Pág.194-204.“Alvar Aalto y la tradición nórdica: nacional romanticismo y sensibilidad dórica 1895-1957”  


En 1938 Aalto hizo su obra maestra del periodo anterior a la guerra: la villa Mairea, una casa de vacaciones construida para Mairea Gullichsen en Noormarkku. El croquis inicial para este edificio en forma de L hace una referencia explícita al romanticismo nacionalista: la planta del salón principal se refiere directamente a la planta del estudio de Gallen-Kallela en Ruovesi, de 1893. Ambas obras presentan también una chimenea prominente, enfoscada y escultórica, y una zona de estar escalonada que lleva finalmente a las escaleras de la entreplanta. Al igual que la casa de Munkkiniemi, la villa Mairea se compone de una mezcla de fábrica de ladrillo, mampostería enfoscada y revestimientos de madera.

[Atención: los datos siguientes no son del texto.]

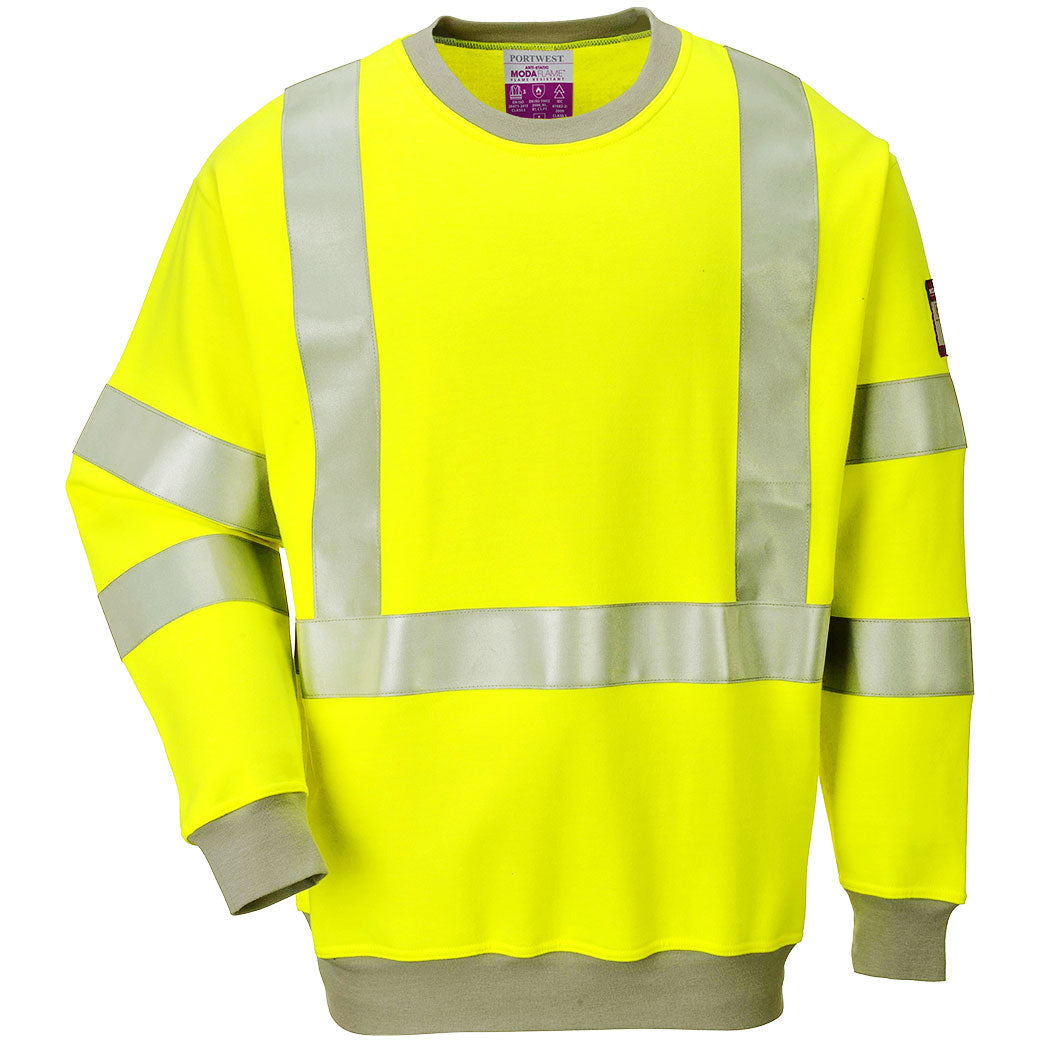 Portwest Flame Resistant Anti-Static Hi-Vis Sweatshirt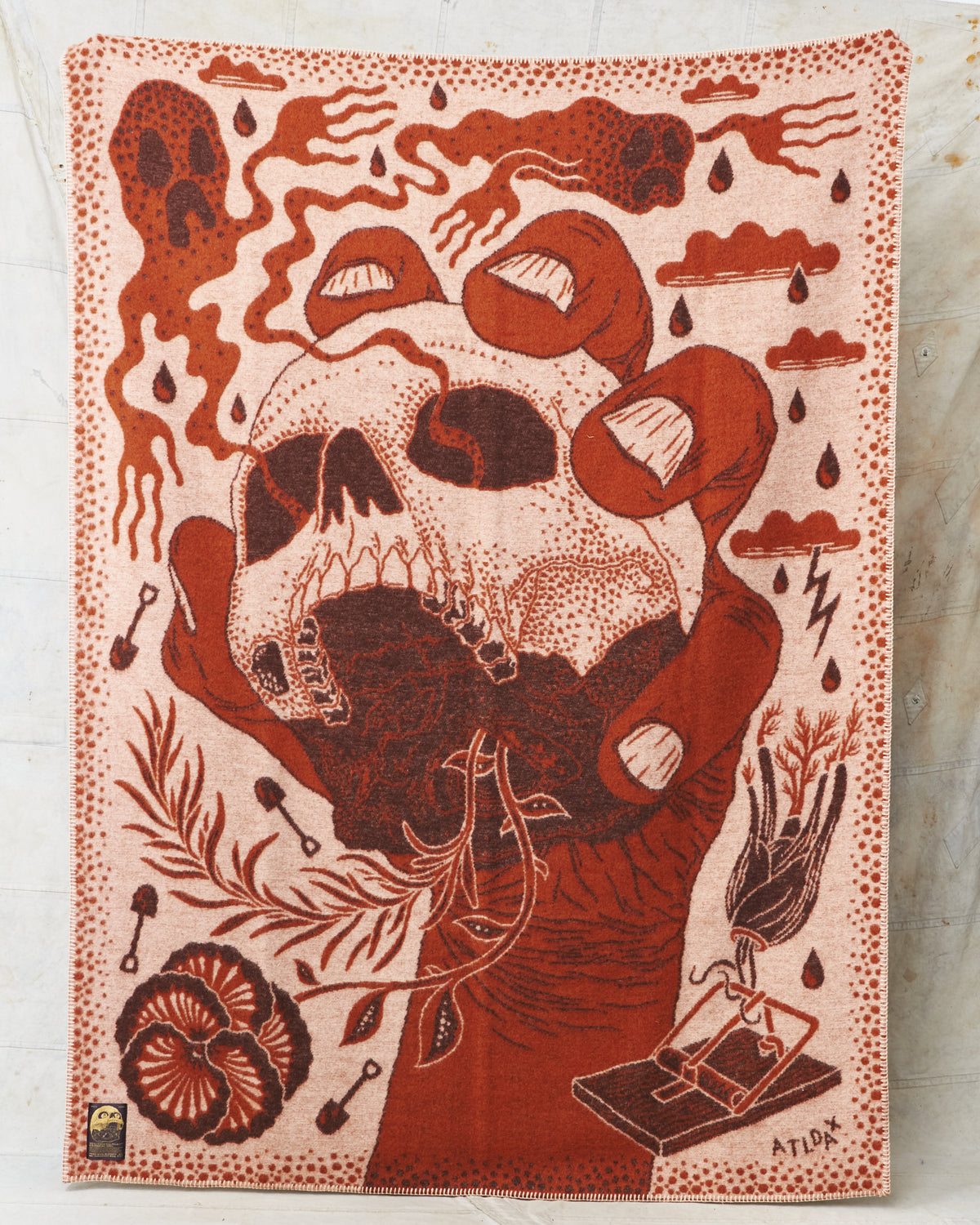 Indigofera x Björn Atldax Yorick Wool Blanket Pink/Rust Brown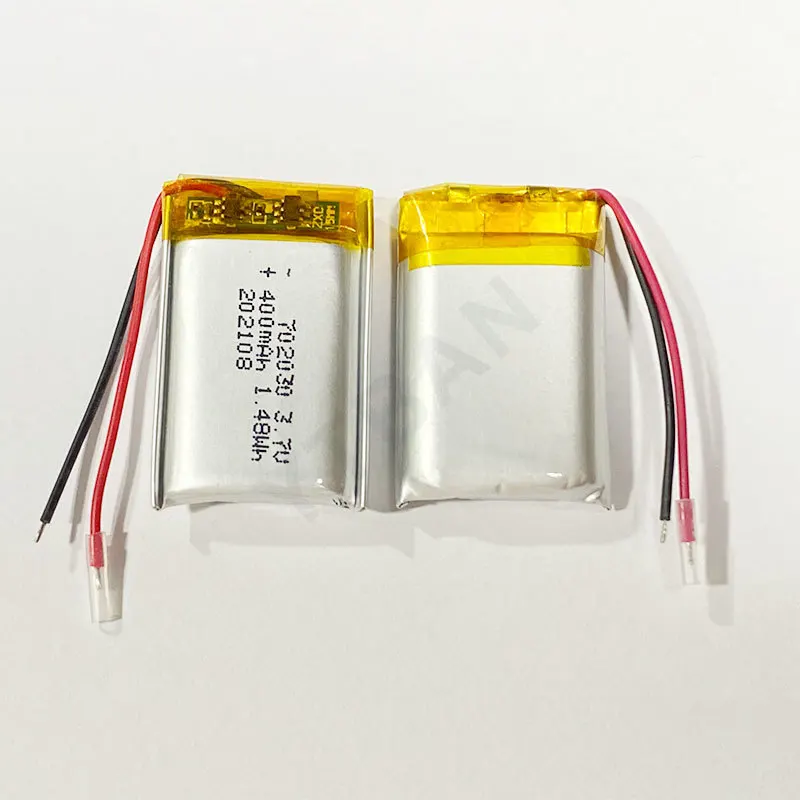 High quality 3.7V 702030 400mAh lithium polymer rechargeable battery for DIY GPS PSP DVR remote control drone beauty instrument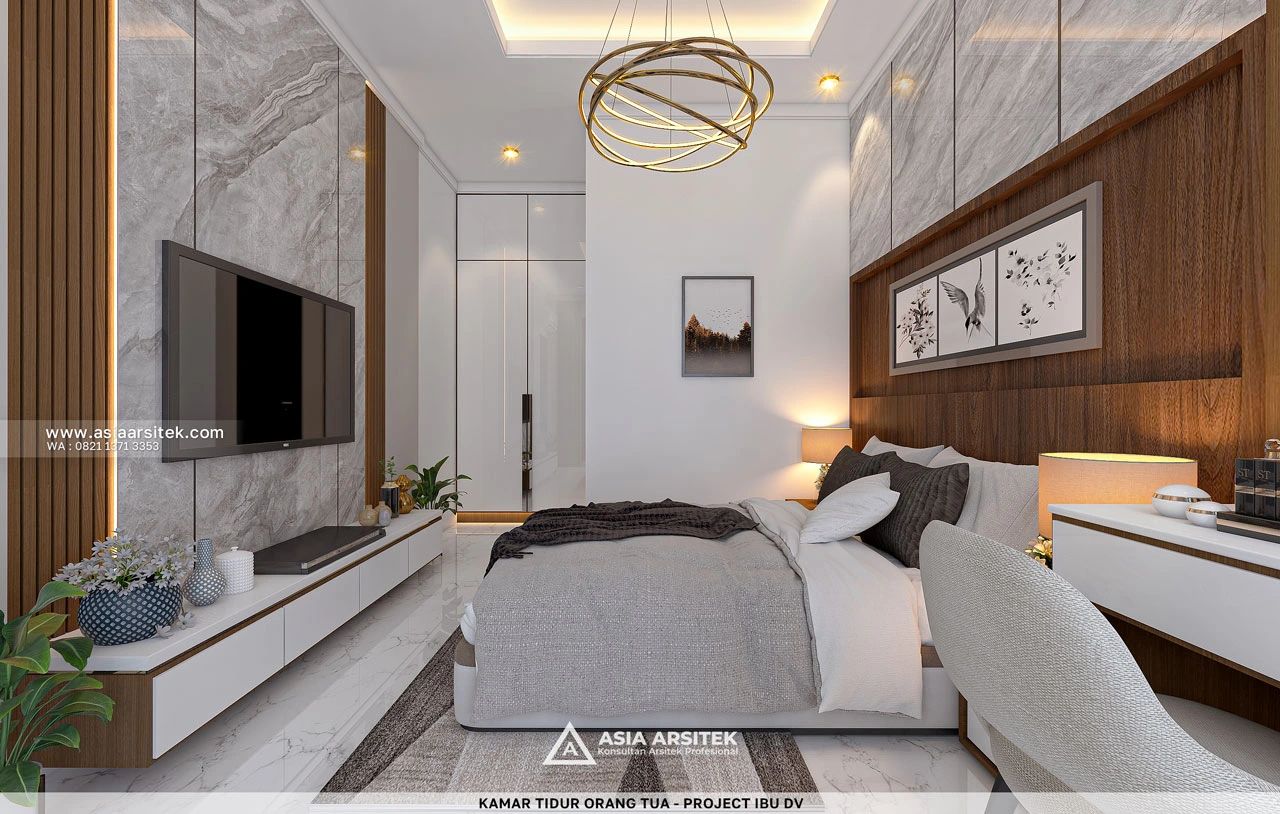Desain Kamar Tidur Orang Tua Rumah Minimalis 2 Lantai Ibu DV Duren Sawit Jakarta Timur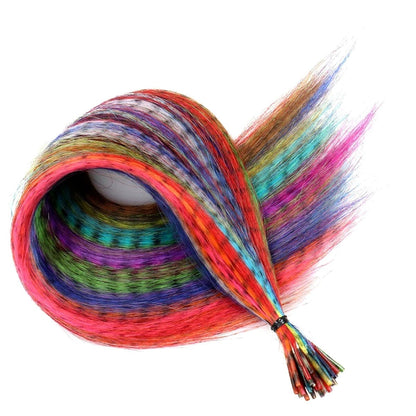 Kootinn Hair Feathers Extension Kit - 13 Colors Mixed Synthetic Feather Hair Extensions with 100 Micro Link Beads and Crochet Hook (17 Inch)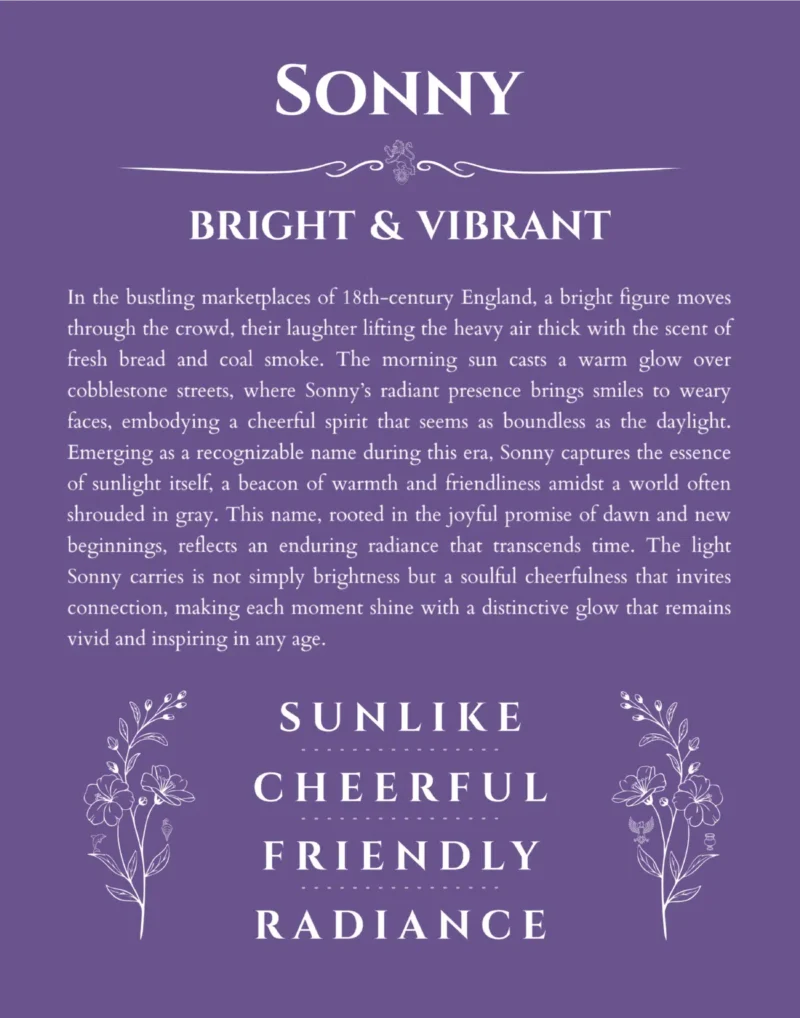 Sonny custom name print for wall display in purple
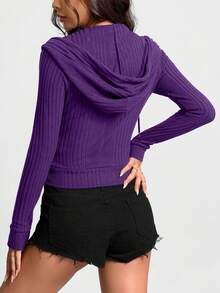 Flirla Women's Solid Color Long Sleeve Zipper Collar Pocket Drawstring Casual Hoodie - Purple - View 2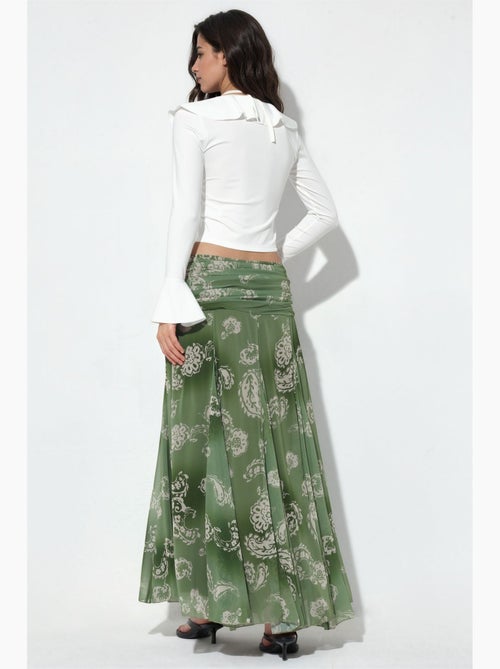 High waist maxi skirt with paisley print bdart - Kiabi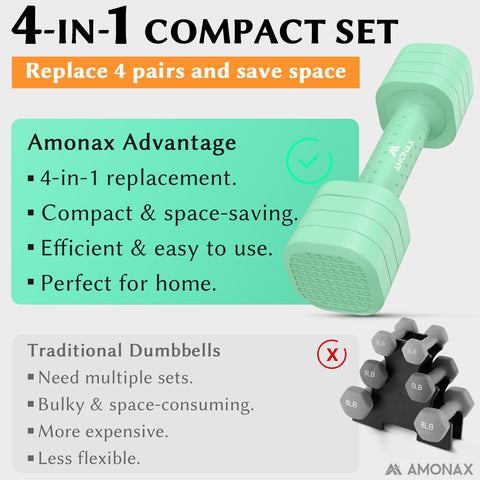 4-in-1 Adjustable Weights Dumbbells Set - Green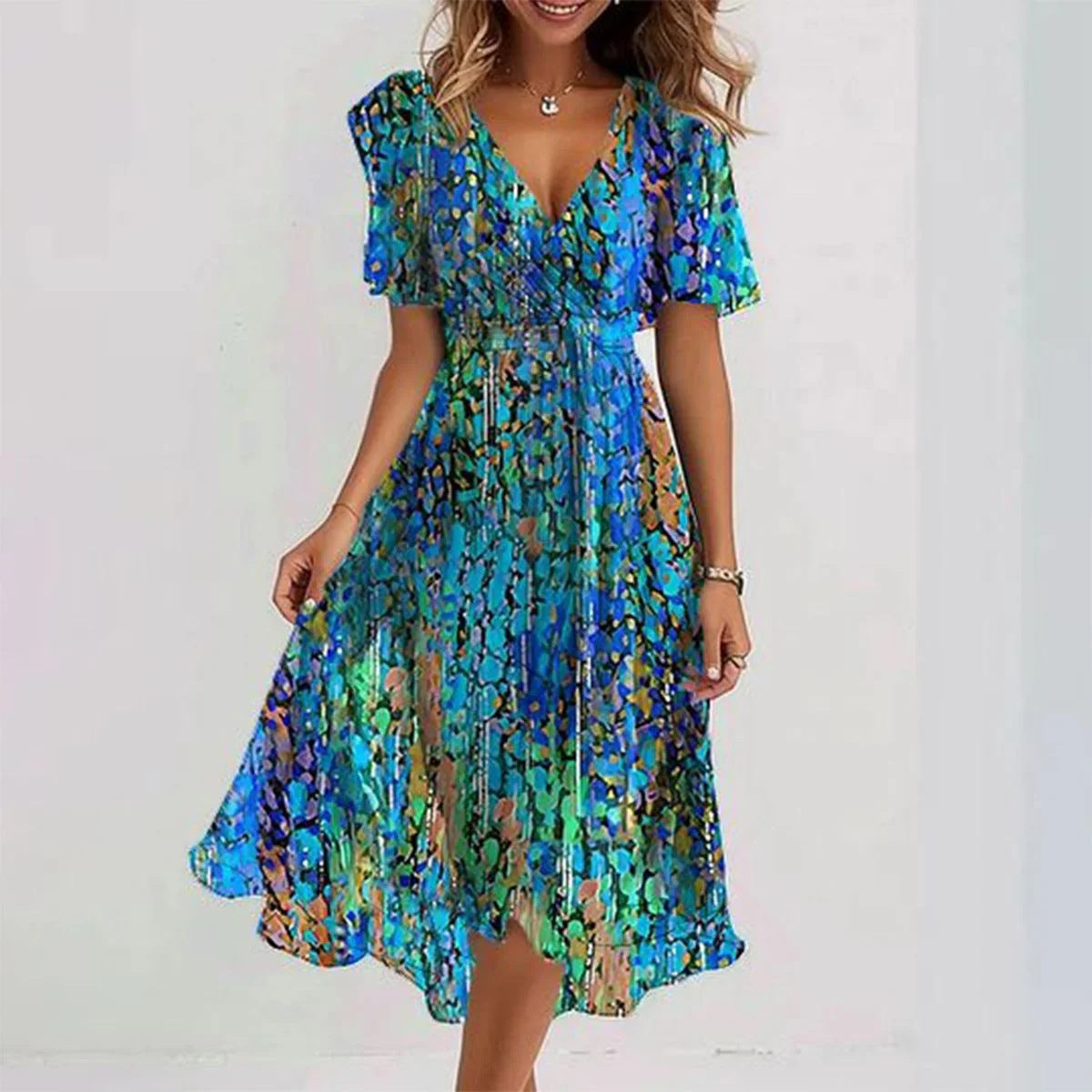 Robe Midi Florale Fluide Col V Élégance Printemps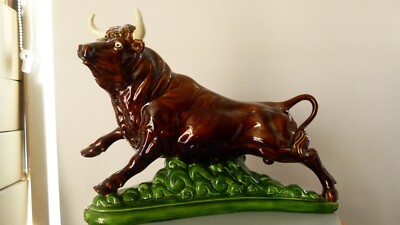 Vintage Atlantic Form handbemalt Keramik große Stier Figur, kostenlose Lieferung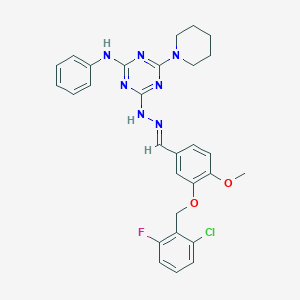 molecular formula C29H29ClFN7O2 B301401 3-[(2-Chloro-6-fluorobenzyl)oxy]-4-methoxybenzaldehyde [4-anilino-6-(1-piperidinyl)-1,3,5-triazin-2-yl]hydrazone 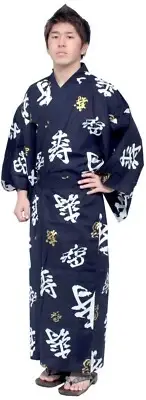 Men's Yukata Robe Japanese Summer Kimono - Happy Longevity Navy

Más que ninguna otra obra de Aino y Alvar Aalto anterior a la guerra, esta villa representa un vínculo conceptual entre la tradición racional constructivista del siglo XX y la herencia evocadora del movimiento romántico-nacionalista. Sus espacios principales, el salón y el comedor, bordean un patio jardín resguardado, colocado todo ello dentro de un claro aproximadamente circular abierto en el bosque. La masa geológicamente estriada' de la casa y el perímetro de contorno irregular de la piscina de la sauna indican una oposición metafórica entre la forma artificial y la natural, y este principio de dualidad rige en toda la obra. Así, la 'cabeza' del estudio con forma de proa de la señora Gullichsen se opone a la 'cola' de la sauna, y el revestimiento de madera de las habitaciones públicas contrasta fuertemente con el enlucido blanco de las zonas privadas. De modo similar, las operaciones formales complejas abundan por toda la casa: un ejemplo es la 'metonimia' de la marquesina de entrada, cuya pantalla de madera tiene un ritmo irregular que evoca el espaciado también irregular de los pinos en el bosque, un recurso que se repite en la barandilla de la escalera interior. Otra de esas operaciones, también en secuencia, es la repetición de la misma forma en las plantas del estudio, la marquesina de entrada y la piscina, que recuerda en todos los casos el perímetro irregular de un típico lago finlandés. Los acabados de la planta baja están también codificados como un paisaje interno en el que los cambios de los azulejos a las tablas o a las piedras rugosas del pavimento denotan sutiles transformaciones de ambiente y de situación a medida que uno se va moviendo, por ejemplo, desde la chimenea familiar hacia la sala de estar o al invernadero. Finalmente, la propia estructura se usa de modo simbólico para hacer referencia a los orígenes; como en la villa Hvitträsk, la sauna representa la cultura autóctona: unida mediante un muro bajo de mampostería a la casa principal, es una construcción tradicional revestida de madera y con cubierta de hierba, levantada según los cánones o tradición vernácula finlandesa de la madera oposición a la tectónica sofisticada de la casa propiamente dicha.